Task requirements: Please return every line of the material verbatim and skip any images.

----------

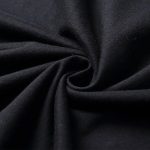 Échantillon de tissu noir enroulé, montrant sa texture douce et fluide, idéal pour la décoration ou la couture.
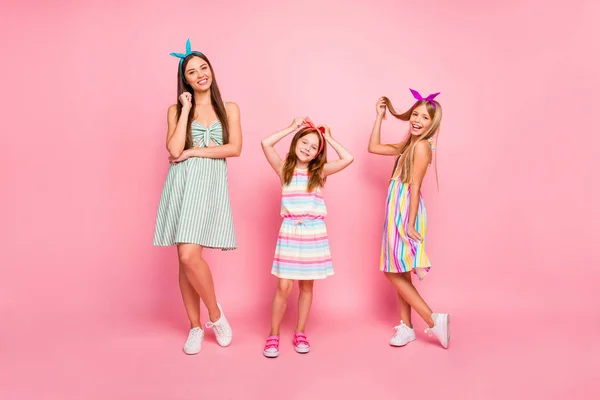 Full size foto van mooie meisjes met heldere hoofdbanden poseren het dragen van kleurrijke jurk rok geïsoleerd over roze achtergrond — Stockfoto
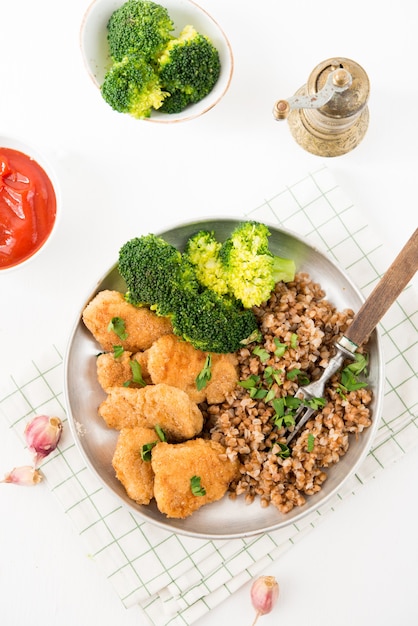 Zelfgemaakte kipnuggets met boekweit en groenten op een bord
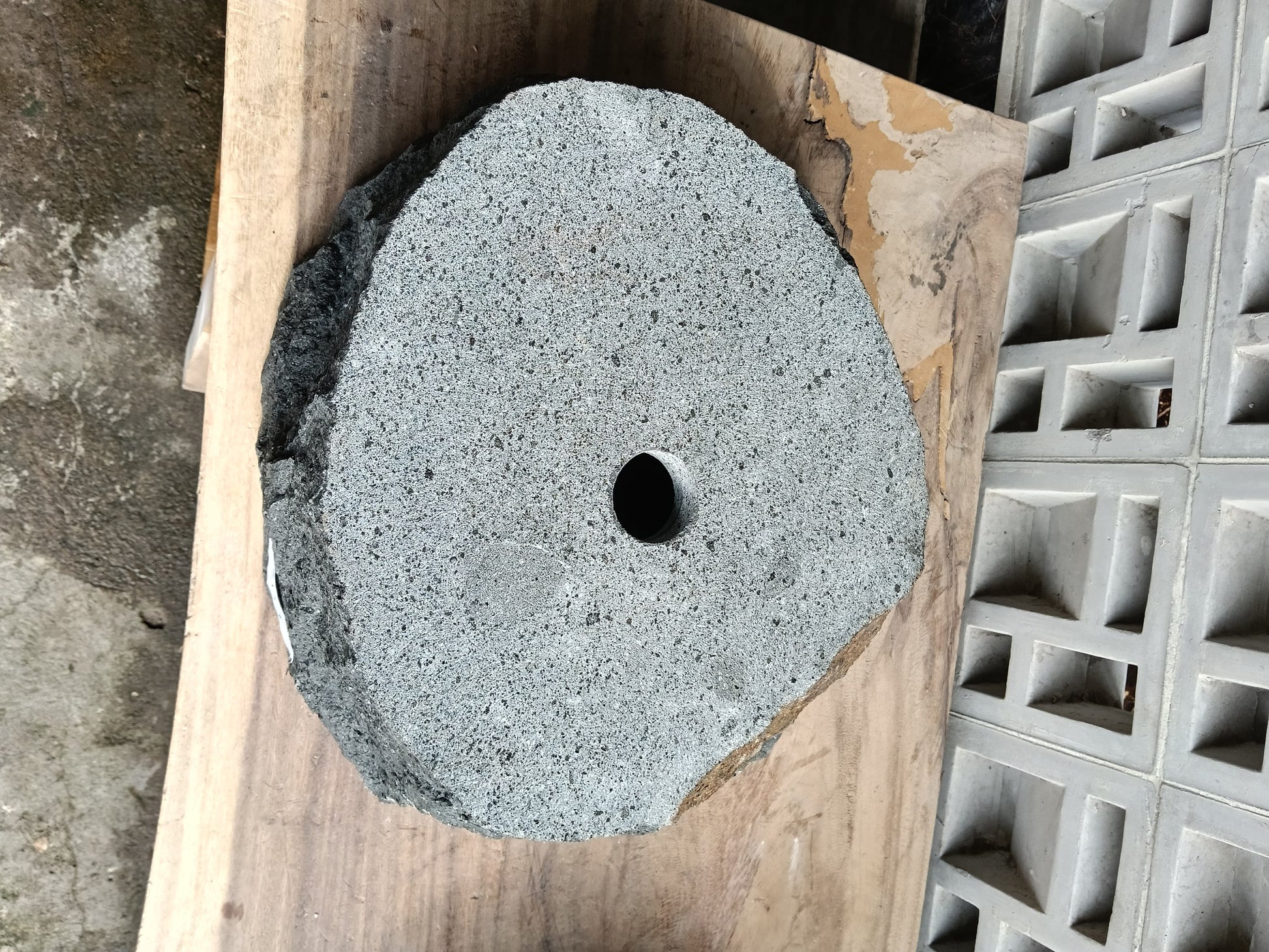 Bottom view of 6A5-4237 solid andesite stone sink — standard drain hole
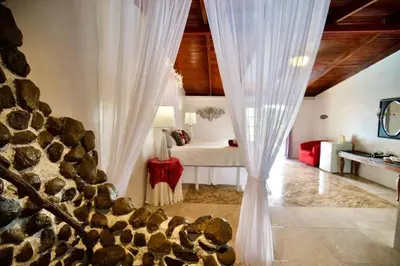 a bedroom with a bed and a white curtain at Toucan Lane in Nuevo Arenal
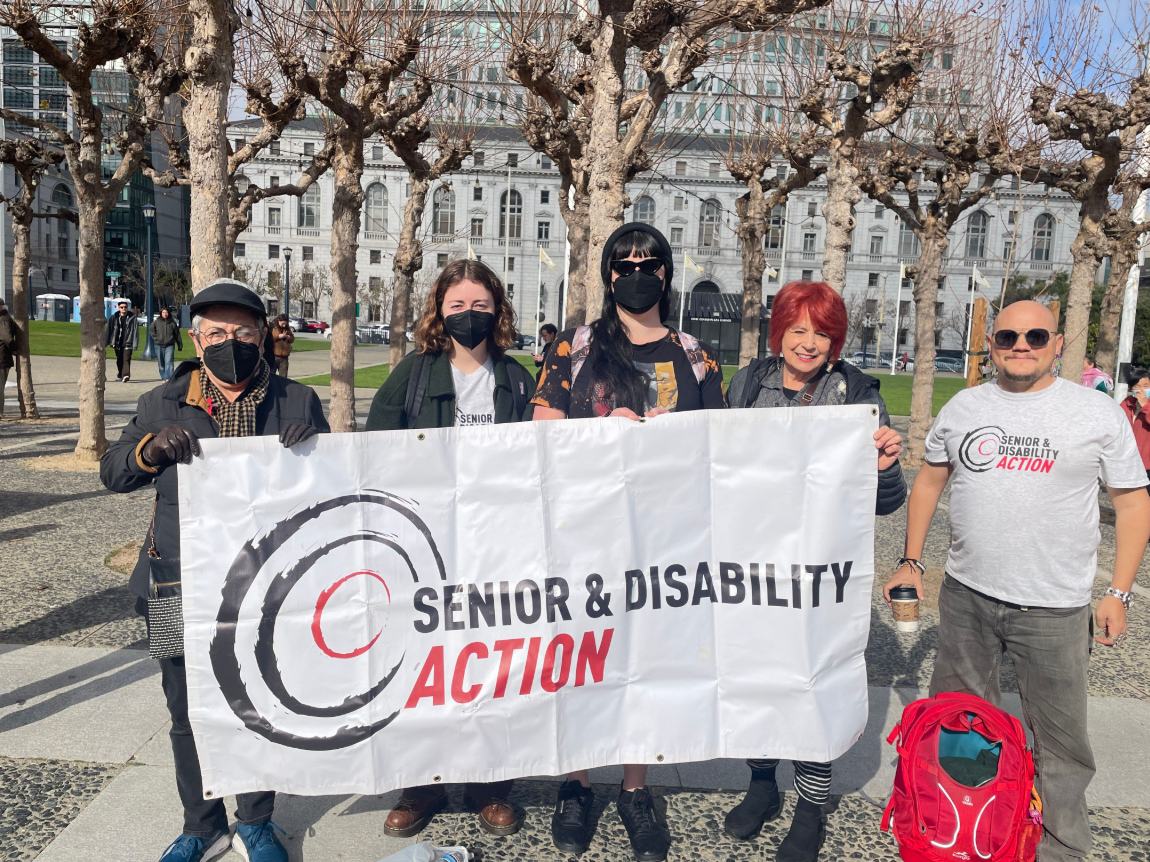 A group of five people, three of them wearing masks, stands outside in front of trees and holding a banner that says Senior and Disability Action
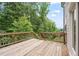 View of wood deck featuring wood railing and views of mature trees and blue skies at 5394 Pebblebrook Se Ln, Mableton, GA 30126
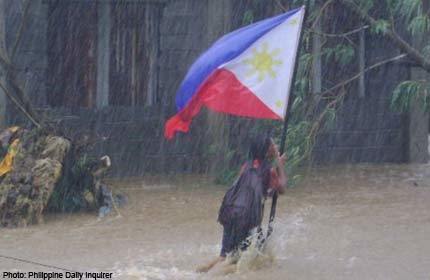 Cảm động cô học trò nhỏ giữ quốc kỳ trong mưa bão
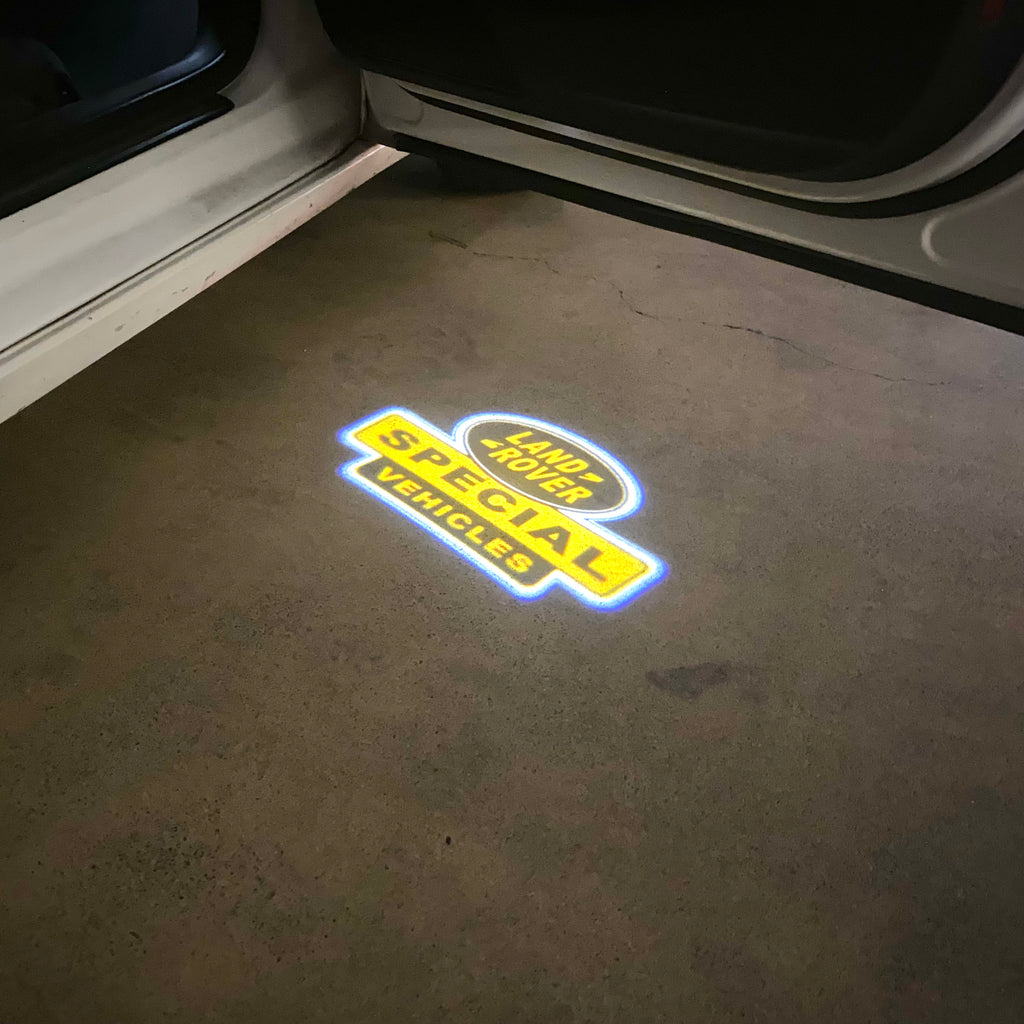 LUCES DE PROYECTOR CON LOGO Land Rover Nr.04 (cantidad 1 = 1 juegos / 2 luces de puerta)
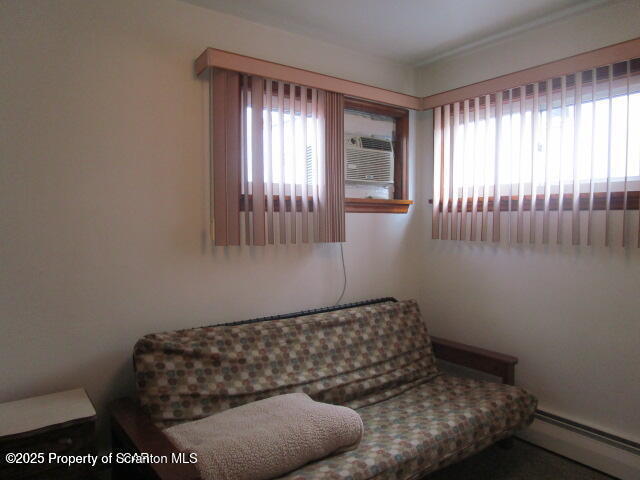 421 West Mary Street Old Forge, PA 18518 - Photo 5 of 15 a bedroom with a bed and window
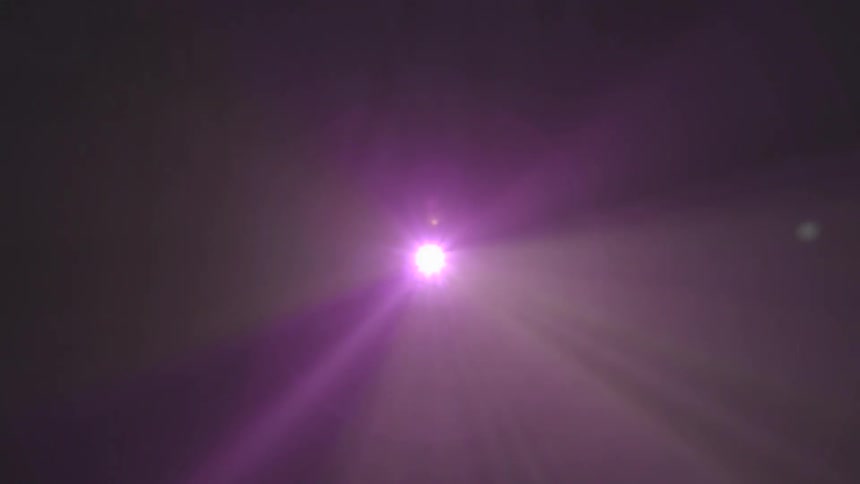A bright colored light shines down from above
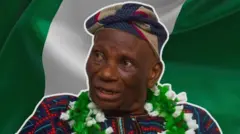 A man wearing a garland of green and white flowers and a traditional cap on his head looking to the right of the photo.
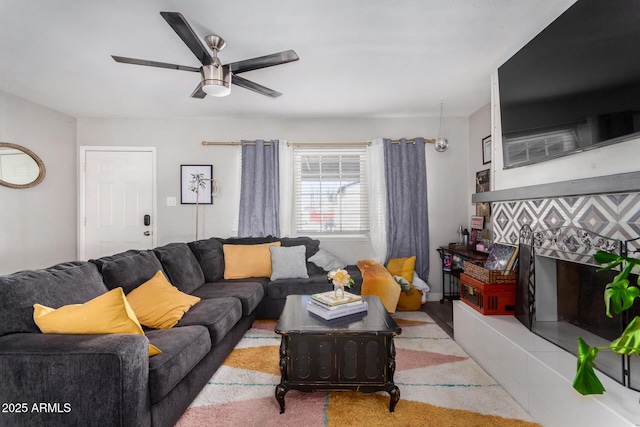 living room featuring ceiling fan and a tiled fireplace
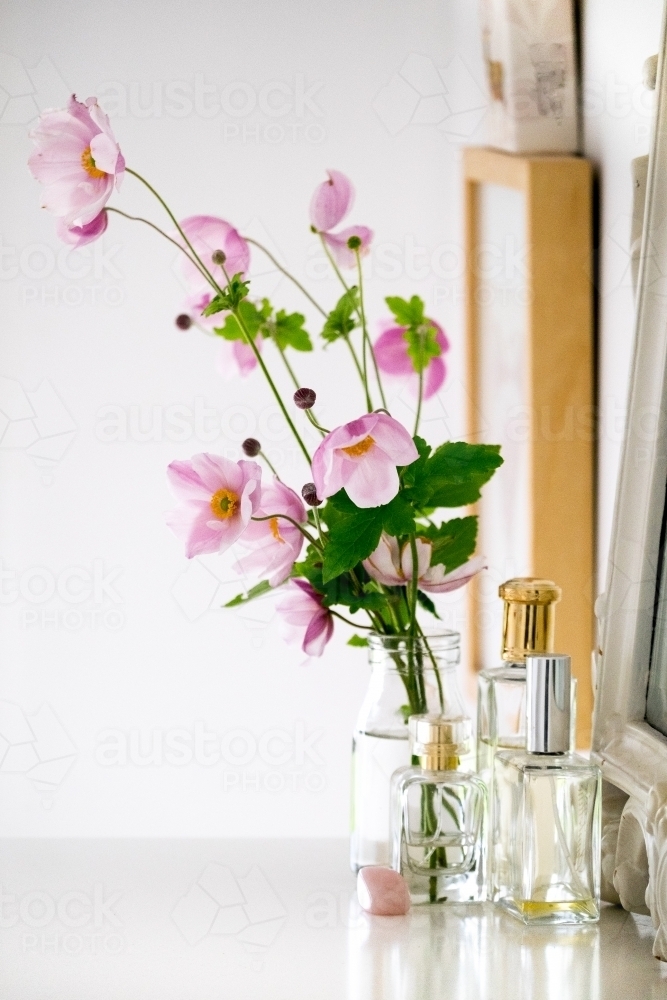 Table scape of flowers and perfume bottles - Australian Stock Image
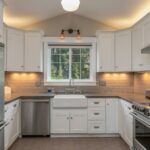 white wooden kitchen cabinet with white pendant lamp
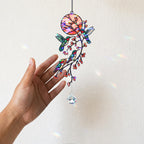 Close-up hand holding hummingbird holographic acrylic suncatcher with floral branch artwork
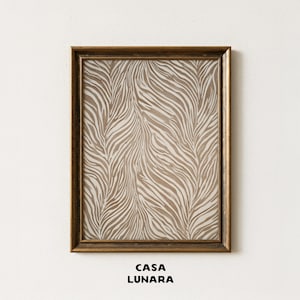 Puede incluir: Una pieza de arte mural rectangular en un marco de tono bronce oscuro que presenta un estampado vertical con un patrón repetitivo de rayas beige y blancas. El texto CASA LUNARA está impreso en letras mayúsculas negras en la parte inferior.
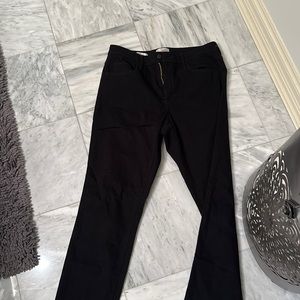 Black jeans, size 12. Never worn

----------

Solution to this task:
 Échantillon de tissu noir enroulé, montrant sa texture douce et fluide, idéal pour la décoration ou la couture.
 Full size foto van mooie meisjes met heldere hoofdbanden poseren het dragen van kleurrijke jurk rok geïsoleerd over roze achtergrond — Stockfoto
 Zelfgemaakte kipnuggets met boekweit en groenten op een bord
 Bottom view of 6A5-4237 solid andesite stone sink — standard drain hole
 a bedroom with a bed and a white curtain at Toucan Lane in Nuevo Arenal
 A group of five people, three of them wearing masks, stands outside in front of trees and holding a banner that says Senior and Disability Action
 View of wood deck featuring wood railing and views of mature trees and blue skies at 5394 Pebblebrook Se Ln, Mableton, GA 30126
 Cảm động cô học trò nhỏ giữ quốc kỳ trong mưa bão
 LUCES DE PROYECTOR CON LOGO Land Rover Nr.04 (cantidad 1 = 1 juegos / 2 luces de puerta)
 421 West Mary Street Old Forge, PA 18518 - Photo 5 of 15 a bedroom with a bed and window
A bright colored light shines down from above
 A man wearing a garland of green and white flowers and a traditional cap on his head looking to the right of the photo.
 living room featuring ceiling fan and a tiled fireplace
 Table scape of flowers and perfume bottles - Australian Stock Image
 white wooden kitchen cabinet with white pendant lamp
 Close-up hand holding hummingbird holographic acrylic suncatcher with floral branch artwork
 Puede incluir: Una pieza de arte mural rectangular en un marco de tono bronce oscuro que presenta un estampado vertical con un patrón repetitivo de rayas beige y blancas. El texto CASA LUNARA está impreso en letras mayúsculas negras en la parte inferior.
 Black jeans, size 12. Never worn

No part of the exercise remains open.